Appartenete a contesti sociali diversi. Leggo che provenite da Siano, Nocera, Benevento e Gragnano. Indiscutibilmente è la musica l’elemento cardine che vi ha riunito in questo progetto. Cos’altro vi ha convinto nello stare insieme?
«Fondamentalmente noi abbiamo iniziato a conoscerci solo durante le prime sessioni in sala
prove, le escursioni musicali che ci rimanevano nella testa ci hanno spinto a credere nel progetto. Inoltre le avventure che ti regala girare con la band sono qualcosa fuori dall’ordinario, passare il weekend in una città o nell’altra, in un nuovo locale, davanti a nuove persone o in uno studio di registrazione è qualcosa che ti salva dalla routine e da te stesso, le nostre emozioni passano attraverso la musica, quindi la voglia di evadere dalla nostra provincia e dalle nostre vite ci ha spinto a continuare, trainati dalle canzoni e dalla spontaneità con cui tutto veniva fuori».
Perché LAMECCA?
«LAMECCA è ogni concerto, sala prove o cameretta in cui ci incontriamo per fare musica.
La nostra meta artistica e spirituale in cui possiamo sentirci in pace con noi stessi e con il
mondo».
Musicalmente parlando, pare si stia tralasciando il significato nei testi delle canzoni, preferendo qualcosa di banale e scontato. Come nasce un testo di una canzone dei LAMECCA?

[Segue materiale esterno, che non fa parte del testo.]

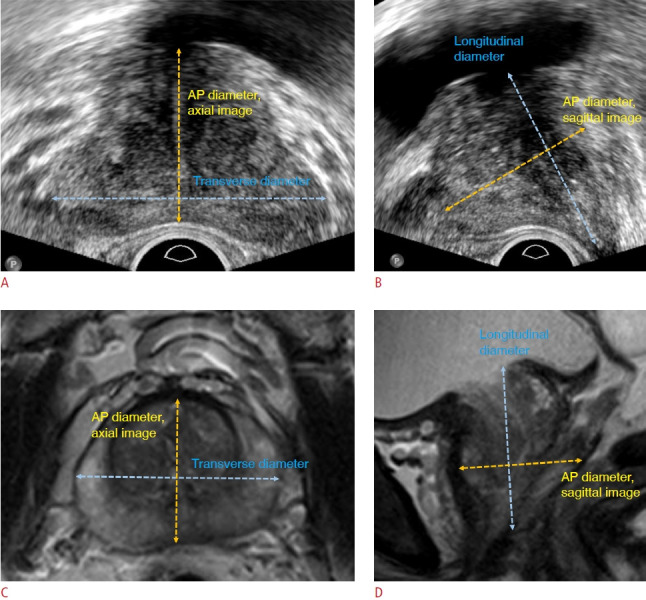 Prostate gland volume estimation: anteroposterior diameters measured on axial versus sagittal ultrasonography and magnetic resonance images.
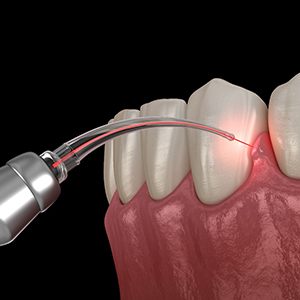 Realistic illustration of laser gum surgery 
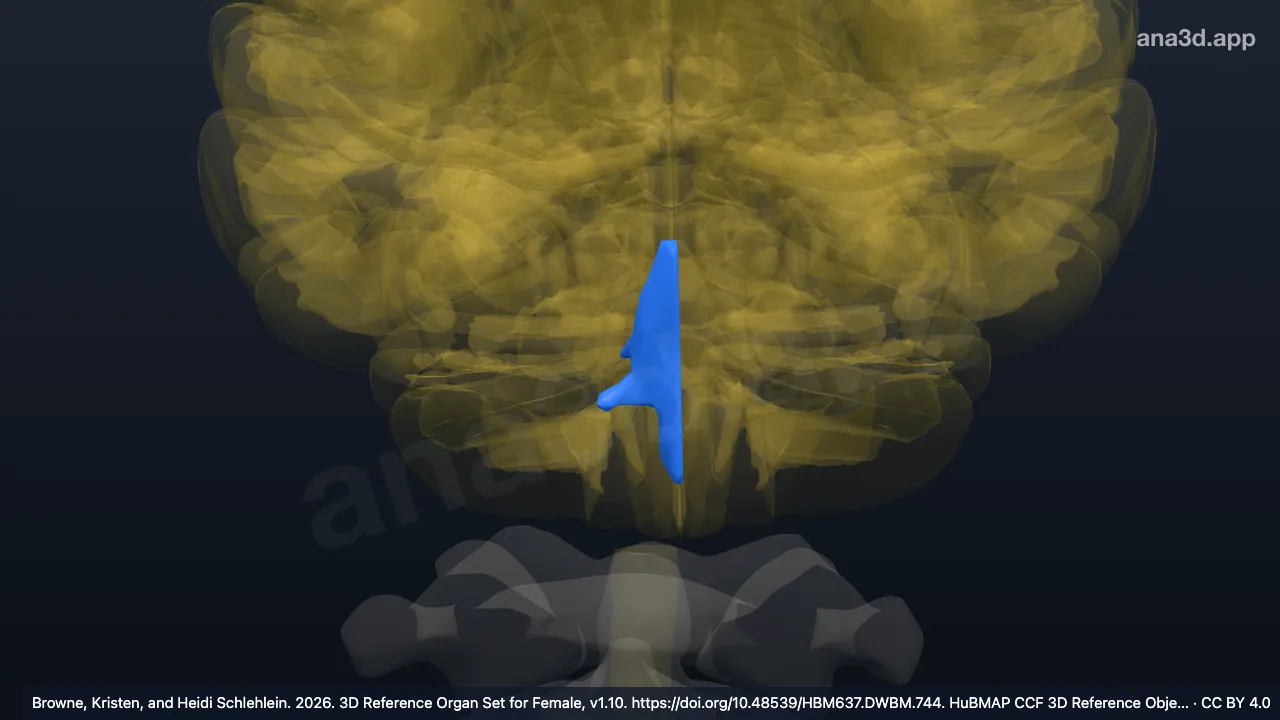 Modelo 3D: Cuarto ventrículo derecho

«Rossella è l’autrice di tutti i testi: a seconda dell’atmosfera di una canzone si lascia trascinare dai propri sentimenti e senza nessuna regola precisa confessa le proprie paure, trascrive esperienze e ricordi, a volte in modo semplice e diretto, altre volte invece le metafore che usa per esprimersi arricchiscono di elementi il suo linguaggio. L’impoverimento dei testi esiste, la musica come intrattenimento c’è sempre stata: tutto sta nel sapere dove andare a cercare. Fuori dal mainstream e da un tipo di band che strizza l’occhio a quel mercato c’è un mondo pieno di autori e gruppi che hanno qualcosa di originale da dire».
“LAMECCA è la nostra meta artistica e spirituale, speriamo di suonare live molto presto”
Vi accontentate di essere definiti nella sfera del punk-rock, oppure c’è qualcosa in più nei LAMECCA che non abbiamo ancora colto?
«Il nostro sound e la nostra composizione sono frutto dell’incontro tra percorsi e background diversi. Ogni volta che passiamo del tempo a comporre non pensiamo mai a priori a uno stile musicale preciso ma cerchiamo di lasciarci ispirare e trasportare. Ci hanno detto che nella nostra musica si sentono influenze emo, punk, post-rock, indie rock… Noi speriamo che tra qualche anno chi ascolterà un nostro nuovo pezzo ci dirà che si sente l’impronta dei LAMECCA».
Cosa ne pensate dei talent show?
«Per quanto non ci sentiamo vicinissimi al mondo della televisione, non siamo contrari a nessuno spazio in cui potersi esprimere, confrontare, ricevere consigli, cimentarsi con qualcosa di differente dalla semplice sala prove. Qualsiasi contesto può essere un’opportunità, se affrontato nel modo giusto».
È da premiare la volontà di suonare e creare qualcosa di innovativo in questo particolare periodo storico. Ci avviamo verso una stagione che, a detta degli esperti, sarà più libera dalle ultime restrizioni. Vi vedremo live questa estate?
«Ci siamo presentati al pubblico in quest’epoca distopica che speriamo volga al termine. Finora siamo riusciti ad esibirci dal vivo pochissimo ed è la cosa che più ci manca. Ma ci stiamo lavorando e con noi una bella squadra che ci supporta. Presto dovremmo essere in grado di svelarvi delle belle novità anche in tal senso».